BTG to Start Insurance Business in Four Latin American Nations

April 11, 2014 by

Grupo BTG Pactual SA, the Brazilian lender controlled by billionaire Andre Esteves, plans to start an insurance business in Chile, Peru, Colombia and Mexico.

The first step will be to enter Chile’s annuity market, said Alejandro Montero, chief executive officer at BTG Pactual Chile, in an interview in Santiago. The company will have capital of about $100 million, and the plan is to reach $1 billion in assets in a couple of years, according to Montero.

“We will start in Chile because it is the most mature market,” Montero said, adding that the next step for the Sao Paulo-based company would be moving into Peru or Mexico. “Our plan is to create a Pacific Alliance company,” he said, referring to the Latin American trade bloc that includes the four nations.

BTG is expanding outside Brazil to diversify its revenue and become a regional power.

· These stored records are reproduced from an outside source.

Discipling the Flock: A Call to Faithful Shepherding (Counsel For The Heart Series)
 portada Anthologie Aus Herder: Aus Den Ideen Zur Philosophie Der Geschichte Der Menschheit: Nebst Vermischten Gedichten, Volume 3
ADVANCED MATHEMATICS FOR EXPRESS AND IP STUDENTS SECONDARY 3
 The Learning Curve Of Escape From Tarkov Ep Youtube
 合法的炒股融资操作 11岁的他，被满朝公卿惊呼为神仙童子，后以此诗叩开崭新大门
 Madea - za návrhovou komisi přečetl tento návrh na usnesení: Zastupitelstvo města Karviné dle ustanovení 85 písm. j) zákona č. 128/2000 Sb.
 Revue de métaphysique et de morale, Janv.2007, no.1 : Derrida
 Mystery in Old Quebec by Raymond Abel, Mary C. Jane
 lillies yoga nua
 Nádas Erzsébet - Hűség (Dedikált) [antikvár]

Annuity sales in Chile grew almost 45 percent last year to $1.73 billion, according to the nation’s insurance regulator, Superintendencia de Valores y Seguros. New York-based MetLife Inc. is the biggest insurer in Chile based on total premiums for 2013, followed by Santiago-based Chilena Consolidada Seguros Generales SA and Cia de Seguros de Vida Consorcio Nacional de Seguros SA.

BTG, which announced the acquisition of Santiago-based Celfin Capital SA in February 2012, expects to open a bank in Chile with $150 million in capital in August. The new insurance business will be run through a separate unit, Montero said.

The bank opened a Mexico broker-dealer in January, and said in June 2012 that it would buy Bolsa y Renta SA, Colombia’s biggest brokerage by trading volume.

“We want to have local banks to provide local-currency- denominated loans to clients and compete with local lenders,” Roberto Sallouti, BTG’s chief operating officer, said in December. The bank’s goal is to expand to other Latin American countries all the products and lines of business it has in Brazil, including asset management, private equity and wealth management, Sallouti said.

In Chile, the new company will start by using other brokerages to sell its annuities, said Montero, adding that in the future it could become an insurance broker-dealer and offer other types of insurance. BTG named Jaime Maluk CEO for the bank’s annuity business in Chile. Maluk was previously an investment manager at Santiago-based Soc. De Asesorias e Inversiones Cruz del Sur Ltda, which was acquired by Santiago- based Grupo Security SA in March 2013.

Approvals have already been requested from the Brazilian central bank and Chile’s Superintendencia de Valores y Seguros. Once both are obtained, the license should be ready in about eight months, according to Montero, who expects to enter the Chilean annuity market by the fourth quarter of this year.